Meditation on Hacker News: What are you guys experience with meditation? - ulvund


======
untitledwiz
I attended a 10-day Vipassana course (<http://www.dhamma.org/>). In my
opinion, this is the easiest type of meditation to start with. There are sites
for these 10-day course pretty much everywhere around the world. The course
runs on a donation basis: you are fed and housed for free during the duration
of the course and at the end you choose whether to donate or not.

I met a lot of very nice people in my course. Some were new (like myself) but
some were experienced veterans (a couple of guys had been practicing for over
15 years) and everyone seemed so happy. The course is very difficult, both
physically (you need to sit on the floor for at least 9 hours a day, and
believe me you will only realize just how bad/painful this can be once you do
it) and mentally (you are not allowed to talk at all during the duration of
the course). But it was all more than worth it at the end.

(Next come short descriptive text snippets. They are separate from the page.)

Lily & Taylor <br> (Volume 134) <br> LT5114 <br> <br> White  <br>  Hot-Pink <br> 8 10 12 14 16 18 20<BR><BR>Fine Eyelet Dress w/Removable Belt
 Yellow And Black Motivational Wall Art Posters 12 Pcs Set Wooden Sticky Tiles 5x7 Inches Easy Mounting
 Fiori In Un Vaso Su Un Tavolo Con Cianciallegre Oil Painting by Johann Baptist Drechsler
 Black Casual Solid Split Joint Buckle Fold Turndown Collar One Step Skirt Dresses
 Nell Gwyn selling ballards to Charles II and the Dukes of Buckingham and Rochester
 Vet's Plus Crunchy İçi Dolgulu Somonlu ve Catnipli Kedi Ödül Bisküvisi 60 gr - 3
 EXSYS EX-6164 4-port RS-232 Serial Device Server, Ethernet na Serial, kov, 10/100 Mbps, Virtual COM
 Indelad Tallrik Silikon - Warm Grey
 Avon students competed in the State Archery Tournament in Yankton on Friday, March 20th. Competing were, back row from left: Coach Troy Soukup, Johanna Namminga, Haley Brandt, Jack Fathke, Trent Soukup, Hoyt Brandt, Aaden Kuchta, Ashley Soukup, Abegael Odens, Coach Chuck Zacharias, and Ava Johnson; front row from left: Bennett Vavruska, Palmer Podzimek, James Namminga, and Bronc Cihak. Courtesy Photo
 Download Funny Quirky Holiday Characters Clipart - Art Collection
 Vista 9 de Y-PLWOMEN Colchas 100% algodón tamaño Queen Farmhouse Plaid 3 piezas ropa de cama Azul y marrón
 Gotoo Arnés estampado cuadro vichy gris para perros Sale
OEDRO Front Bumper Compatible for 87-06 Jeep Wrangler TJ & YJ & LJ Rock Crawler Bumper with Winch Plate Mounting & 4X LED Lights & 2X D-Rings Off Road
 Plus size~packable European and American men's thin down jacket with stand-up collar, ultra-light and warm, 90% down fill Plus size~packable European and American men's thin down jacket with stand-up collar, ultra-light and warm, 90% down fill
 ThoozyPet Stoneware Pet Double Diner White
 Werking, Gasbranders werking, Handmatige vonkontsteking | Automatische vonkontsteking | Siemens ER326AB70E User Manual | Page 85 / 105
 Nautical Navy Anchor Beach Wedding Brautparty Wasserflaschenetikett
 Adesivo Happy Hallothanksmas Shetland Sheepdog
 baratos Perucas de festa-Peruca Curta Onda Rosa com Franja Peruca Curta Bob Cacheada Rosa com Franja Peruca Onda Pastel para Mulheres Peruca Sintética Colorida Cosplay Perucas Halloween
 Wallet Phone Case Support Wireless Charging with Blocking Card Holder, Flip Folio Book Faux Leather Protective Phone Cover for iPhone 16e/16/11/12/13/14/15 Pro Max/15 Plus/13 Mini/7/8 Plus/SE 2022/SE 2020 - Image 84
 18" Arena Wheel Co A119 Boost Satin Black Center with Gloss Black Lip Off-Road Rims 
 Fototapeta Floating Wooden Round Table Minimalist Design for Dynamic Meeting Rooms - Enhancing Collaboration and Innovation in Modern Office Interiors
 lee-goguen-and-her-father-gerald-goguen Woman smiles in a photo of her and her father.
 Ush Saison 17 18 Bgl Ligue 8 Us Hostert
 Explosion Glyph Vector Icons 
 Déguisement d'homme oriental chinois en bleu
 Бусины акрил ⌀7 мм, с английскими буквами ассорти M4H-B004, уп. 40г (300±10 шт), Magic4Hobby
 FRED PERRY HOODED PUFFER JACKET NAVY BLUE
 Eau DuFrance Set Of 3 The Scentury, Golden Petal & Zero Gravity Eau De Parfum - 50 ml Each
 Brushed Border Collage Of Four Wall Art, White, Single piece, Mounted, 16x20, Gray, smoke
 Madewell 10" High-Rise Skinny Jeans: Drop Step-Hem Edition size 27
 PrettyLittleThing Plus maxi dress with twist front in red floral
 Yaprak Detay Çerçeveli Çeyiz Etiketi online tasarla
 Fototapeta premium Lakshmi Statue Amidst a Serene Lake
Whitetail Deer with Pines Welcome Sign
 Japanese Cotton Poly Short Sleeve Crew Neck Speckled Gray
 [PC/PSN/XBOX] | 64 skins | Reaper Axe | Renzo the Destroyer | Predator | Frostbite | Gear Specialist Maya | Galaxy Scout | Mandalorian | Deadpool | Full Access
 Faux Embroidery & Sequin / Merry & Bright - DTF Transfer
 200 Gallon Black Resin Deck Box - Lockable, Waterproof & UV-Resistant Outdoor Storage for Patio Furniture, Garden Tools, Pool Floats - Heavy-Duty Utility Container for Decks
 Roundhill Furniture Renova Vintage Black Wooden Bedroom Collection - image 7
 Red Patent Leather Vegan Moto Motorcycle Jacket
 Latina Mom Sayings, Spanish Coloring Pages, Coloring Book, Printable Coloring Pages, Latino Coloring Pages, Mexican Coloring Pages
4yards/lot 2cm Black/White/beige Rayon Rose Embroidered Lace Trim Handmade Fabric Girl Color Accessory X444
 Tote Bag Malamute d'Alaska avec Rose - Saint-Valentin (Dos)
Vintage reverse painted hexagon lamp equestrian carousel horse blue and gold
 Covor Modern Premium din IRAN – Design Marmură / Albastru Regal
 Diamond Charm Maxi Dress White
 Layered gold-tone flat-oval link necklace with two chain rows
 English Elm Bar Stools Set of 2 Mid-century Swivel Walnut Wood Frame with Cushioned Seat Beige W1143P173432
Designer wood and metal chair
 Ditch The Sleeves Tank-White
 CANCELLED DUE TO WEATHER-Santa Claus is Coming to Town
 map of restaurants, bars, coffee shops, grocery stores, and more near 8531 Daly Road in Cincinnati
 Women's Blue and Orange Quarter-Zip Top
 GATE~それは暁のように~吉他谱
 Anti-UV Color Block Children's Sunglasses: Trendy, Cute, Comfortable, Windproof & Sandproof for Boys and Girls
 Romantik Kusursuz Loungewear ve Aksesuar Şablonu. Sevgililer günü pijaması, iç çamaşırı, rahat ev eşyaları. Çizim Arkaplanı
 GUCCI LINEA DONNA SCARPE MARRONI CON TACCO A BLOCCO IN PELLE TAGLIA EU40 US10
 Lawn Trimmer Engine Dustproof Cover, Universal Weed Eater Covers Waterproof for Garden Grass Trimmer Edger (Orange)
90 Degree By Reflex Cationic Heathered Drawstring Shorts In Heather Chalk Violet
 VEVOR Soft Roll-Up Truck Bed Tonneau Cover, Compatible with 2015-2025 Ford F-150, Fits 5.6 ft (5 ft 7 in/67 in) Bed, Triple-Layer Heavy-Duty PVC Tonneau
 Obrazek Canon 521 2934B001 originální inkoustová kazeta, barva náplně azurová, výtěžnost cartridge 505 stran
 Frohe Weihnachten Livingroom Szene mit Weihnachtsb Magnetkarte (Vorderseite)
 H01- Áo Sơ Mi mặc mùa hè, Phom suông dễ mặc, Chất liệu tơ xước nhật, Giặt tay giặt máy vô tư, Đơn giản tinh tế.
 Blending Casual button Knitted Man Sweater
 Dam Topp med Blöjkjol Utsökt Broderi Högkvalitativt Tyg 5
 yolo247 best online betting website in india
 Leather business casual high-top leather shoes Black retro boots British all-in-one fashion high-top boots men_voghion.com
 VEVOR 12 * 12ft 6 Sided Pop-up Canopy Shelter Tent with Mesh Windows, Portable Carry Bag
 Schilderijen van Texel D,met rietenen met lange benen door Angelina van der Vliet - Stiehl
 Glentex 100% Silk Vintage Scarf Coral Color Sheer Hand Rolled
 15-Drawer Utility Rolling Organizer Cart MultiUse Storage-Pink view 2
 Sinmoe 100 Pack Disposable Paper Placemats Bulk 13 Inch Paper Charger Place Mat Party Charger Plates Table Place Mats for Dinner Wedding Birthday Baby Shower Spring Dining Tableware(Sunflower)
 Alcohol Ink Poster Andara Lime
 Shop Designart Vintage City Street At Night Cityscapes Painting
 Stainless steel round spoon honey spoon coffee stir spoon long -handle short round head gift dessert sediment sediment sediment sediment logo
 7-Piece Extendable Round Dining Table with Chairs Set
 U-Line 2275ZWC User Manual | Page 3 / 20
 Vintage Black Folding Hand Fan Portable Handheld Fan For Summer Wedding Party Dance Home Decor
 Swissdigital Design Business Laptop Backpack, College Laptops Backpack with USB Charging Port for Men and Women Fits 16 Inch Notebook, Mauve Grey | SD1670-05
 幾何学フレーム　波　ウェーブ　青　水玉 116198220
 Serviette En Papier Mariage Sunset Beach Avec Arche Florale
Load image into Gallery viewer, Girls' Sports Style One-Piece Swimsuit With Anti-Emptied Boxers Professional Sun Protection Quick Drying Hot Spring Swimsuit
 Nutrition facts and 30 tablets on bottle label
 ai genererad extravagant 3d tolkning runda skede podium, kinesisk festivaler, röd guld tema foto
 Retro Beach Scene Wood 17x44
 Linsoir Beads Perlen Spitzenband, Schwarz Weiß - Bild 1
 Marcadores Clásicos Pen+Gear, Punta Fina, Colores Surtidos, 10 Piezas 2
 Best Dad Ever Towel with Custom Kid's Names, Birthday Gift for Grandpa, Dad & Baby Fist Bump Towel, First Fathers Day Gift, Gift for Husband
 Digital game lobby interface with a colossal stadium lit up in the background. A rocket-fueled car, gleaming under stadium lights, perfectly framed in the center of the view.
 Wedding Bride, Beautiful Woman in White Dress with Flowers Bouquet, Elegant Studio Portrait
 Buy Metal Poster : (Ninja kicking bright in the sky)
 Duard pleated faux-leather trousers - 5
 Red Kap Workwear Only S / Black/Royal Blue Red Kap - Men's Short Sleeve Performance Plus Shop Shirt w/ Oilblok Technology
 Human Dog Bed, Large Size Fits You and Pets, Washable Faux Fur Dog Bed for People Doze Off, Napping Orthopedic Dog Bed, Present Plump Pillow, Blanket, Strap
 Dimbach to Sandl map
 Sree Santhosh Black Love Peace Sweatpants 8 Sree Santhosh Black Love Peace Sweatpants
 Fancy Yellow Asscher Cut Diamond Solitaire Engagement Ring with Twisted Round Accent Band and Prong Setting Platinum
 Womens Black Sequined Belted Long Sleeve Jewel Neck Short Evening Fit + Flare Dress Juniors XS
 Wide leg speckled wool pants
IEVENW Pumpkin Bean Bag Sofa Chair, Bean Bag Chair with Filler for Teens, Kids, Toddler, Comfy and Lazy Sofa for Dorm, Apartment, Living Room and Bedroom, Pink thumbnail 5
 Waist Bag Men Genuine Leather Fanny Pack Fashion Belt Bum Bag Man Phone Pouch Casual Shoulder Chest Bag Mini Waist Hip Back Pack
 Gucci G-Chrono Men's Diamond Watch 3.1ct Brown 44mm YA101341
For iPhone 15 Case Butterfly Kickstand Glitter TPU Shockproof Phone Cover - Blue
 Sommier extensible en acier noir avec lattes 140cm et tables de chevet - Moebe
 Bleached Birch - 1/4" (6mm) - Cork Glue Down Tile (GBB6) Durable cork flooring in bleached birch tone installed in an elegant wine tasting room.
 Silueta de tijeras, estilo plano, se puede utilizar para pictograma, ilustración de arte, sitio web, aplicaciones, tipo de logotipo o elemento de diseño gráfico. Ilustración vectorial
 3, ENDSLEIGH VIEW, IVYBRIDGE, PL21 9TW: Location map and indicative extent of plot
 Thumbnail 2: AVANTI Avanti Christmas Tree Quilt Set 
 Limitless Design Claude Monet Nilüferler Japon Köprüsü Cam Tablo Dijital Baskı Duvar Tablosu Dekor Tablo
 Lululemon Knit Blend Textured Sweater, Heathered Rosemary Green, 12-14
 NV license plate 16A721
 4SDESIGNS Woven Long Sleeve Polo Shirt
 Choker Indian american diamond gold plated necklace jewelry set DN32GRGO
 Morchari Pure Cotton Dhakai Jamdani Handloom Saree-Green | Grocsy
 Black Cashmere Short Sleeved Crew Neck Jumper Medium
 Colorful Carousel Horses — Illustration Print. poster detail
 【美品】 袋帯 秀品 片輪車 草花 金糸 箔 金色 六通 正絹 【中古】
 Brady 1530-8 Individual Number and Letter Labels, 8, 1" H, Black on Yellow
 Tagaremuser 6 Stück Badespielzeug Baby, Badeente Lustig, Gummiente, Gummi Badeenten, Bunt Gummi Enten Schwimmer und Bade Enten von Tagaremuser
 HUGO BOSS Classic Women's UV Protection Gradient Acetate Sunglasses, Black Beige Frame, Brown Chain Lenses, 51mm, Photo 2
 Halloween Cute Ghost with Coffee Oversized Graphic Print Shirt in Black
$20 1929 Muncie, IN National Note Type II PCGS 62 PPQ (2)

During the actual course I became more at peace with myself and gained some
important insights on my personality and some of the roots of my misery.
There's a lot of philosophy behind the actual technique but the basic idea is
that you are taught to be indifferent to sub-conscious sensations of 'good'
and 'bad'. By no reacting to 'good' sensations, you limit your craving and
hence your misery. Similarly, if you do not react to 'bad' sensations you can
keep your cool, not get distracted and just be happier.

I am definitely very happy I was exposed to this technique at a young stage of
my life. Even though I haven't been practicing since I took the course I am
determined to make Vipassana a part of my every day life.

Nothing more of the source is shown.